The SML module system goes a long way towards managing large-scale code. (But its inability to handle groups of mutually dependent modules is a minus).

Performance

Over the years computer scientists have developed many "very high level" languages to help solve the "programming crisis" and improve programming productivity. In the early stages of research they are usually interpreted rather than compiled and the implementation is slow. Often they don't progress beyond the research stage. This leaves the impression that advanced languages are by nature slow and not suitable for real-world use. Unfortunately programmers are prone to myths about programming languages and seldom revisit them.[1]

My experiments with the Swerve server in this book show that SML/NJ does perform well.
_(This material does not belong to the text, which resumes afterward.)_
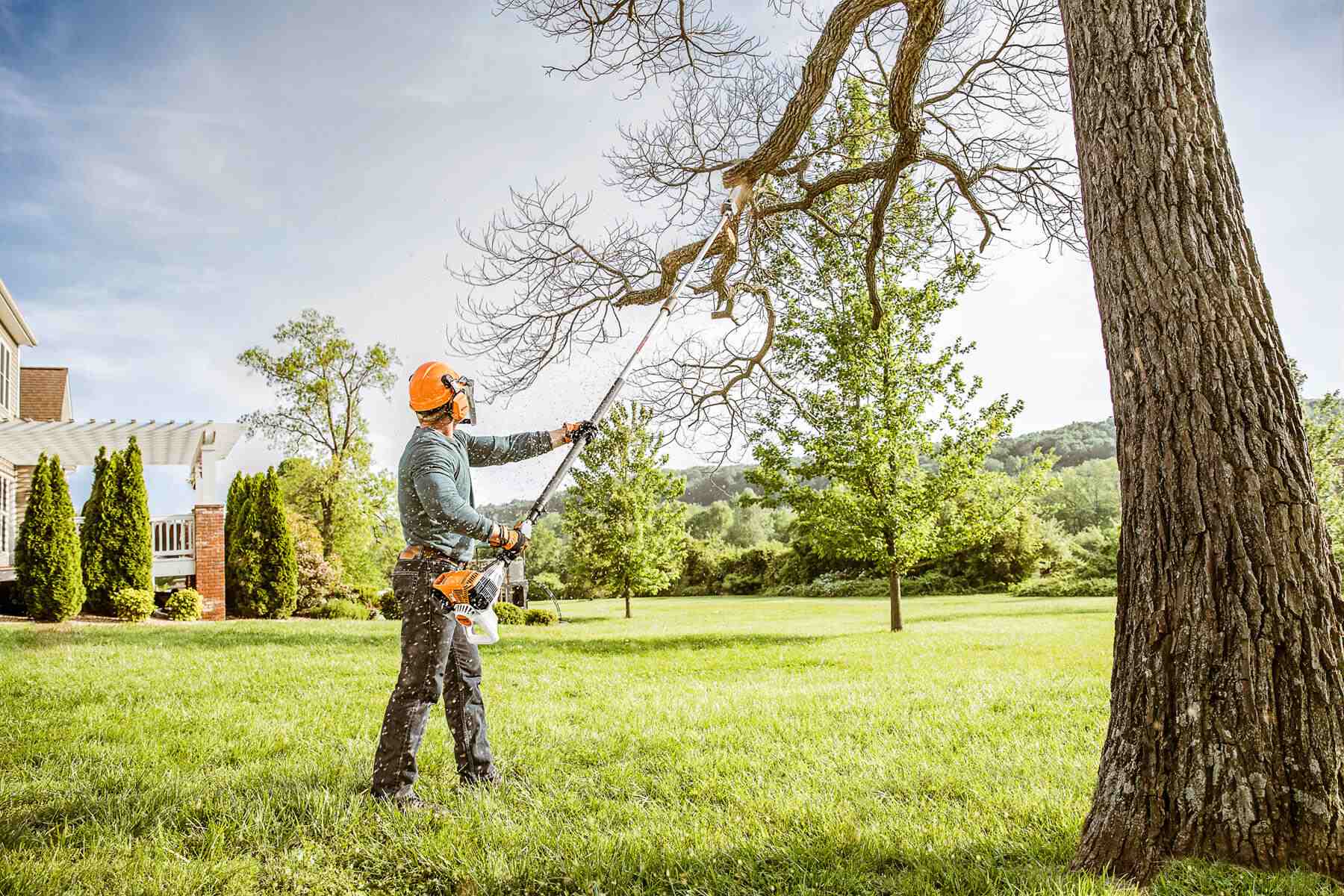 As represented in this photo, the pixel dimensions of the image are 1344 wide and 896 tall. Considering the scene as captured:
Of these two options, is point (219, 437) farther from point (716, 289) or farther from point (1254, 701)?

Without much trouble it achieved around 2/3 the speed of Apache, which is written in C. Anecdotal evidence has it that C++ is about 1/2 the speed of C. The speed drop is mainly due to the excessive copying encouraged by copy constructors and the overhead of virtual method calls. Even a good Java implementation is slower again. This suggests that SML/NJ can certainly compete with C++ or Java.

Having said that, there are still some performance issues that need to be noted. In the section called Basic SML/NJ Performance in Chapter 7 I ran some basic speed tests. The performance on inner loops and low-level byte handling could do with some improvement. This speed loss is partially compensated for by the much better heap performance. Other implementations of SML such as the MLton compiler[MLton] work harder at optimisation.

Infrastructure

The big impediment to wider use of SML in the real-world is support for features such as databases, graphics, encryption, native languages (unicode), true concurrency etc.
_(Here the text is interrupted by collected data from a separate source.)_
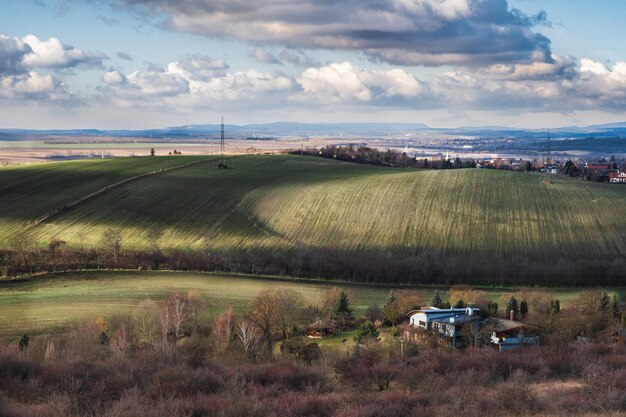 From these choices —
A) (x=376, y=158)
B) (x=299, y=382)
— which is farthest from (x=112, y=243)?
(x=376, y=158)

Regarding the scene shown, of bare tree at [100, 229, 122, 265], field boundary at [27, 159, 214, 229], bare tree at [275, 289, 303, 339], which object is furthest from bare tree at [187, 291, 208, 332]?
field boundary at [27, 159, 214, 229]

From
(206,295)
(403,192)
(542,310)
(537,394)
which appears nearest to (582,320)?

The standard basis library is looking rather dated. It hasn't progressed in years. A future release of SML/NJ will include a native C-language interface. This will allow your SML program to dynamically link to a shared library and call its C API. It includes a tool that generates SML stubs for all of the API functions found in the library's header files. This will make it possible to call libraries for database access, file encryption and compression etc. But I think that the basis library will need further work to integrate this properly. Personally I would like to see a plug-in mechanism for the SML/NJ run-time to make it easier to extend.
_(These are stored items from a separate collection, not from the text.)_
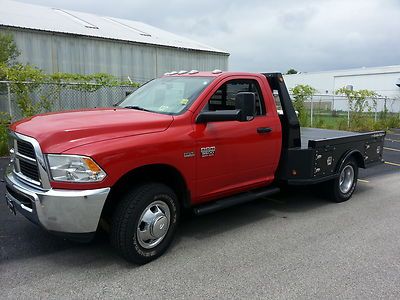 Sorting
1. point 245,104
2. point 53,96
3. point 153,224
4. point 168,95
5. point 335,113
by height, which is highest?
point 53,96

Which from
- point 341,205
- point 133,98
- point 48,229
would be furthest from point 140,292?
point 341,205

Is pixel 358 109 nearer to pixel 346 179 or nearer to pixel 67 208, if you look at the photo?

The choice of a web server for this book neatly avoids the issue of database programming. Web servers typically delegate this to CGI scripts which you could write in Perl or PHP. SML/NJ desperately needs an ODBC-like mechanism.

This book has been silent too on the matter of graphics programming. Image handling (e.g. JPEG, PNG) needs access to standard libraries as described above. To develop a GUI with SML/NJ you have a choice of the eXene system, supplied with SML/NJ, or the SML/Tk package[SMLTK]. I haven't used eXene. It's an experiment in designing a concurrent GUI toolkit for CML. But I would prefer a more conventional look and feel such as Tk. But SML/Tk is not written for a concurrent environment. Personally I consider Concurrent ML to be a "killer" feature of SML/NJ. A GUI should be multi-threaded for responsiveness. It's a shame that CML is not built-in to SML/NJ instead of being an add-on.

Notes

[1]

Here are some common ones. Lisp is slow. Optimising compilers have been available for years. Ada is huge and bloated. What, C++ isn't? C must be efficient because you can program down to the bare metal. Nope, its 1970s-vintage machine model no longer fits well with modern computers.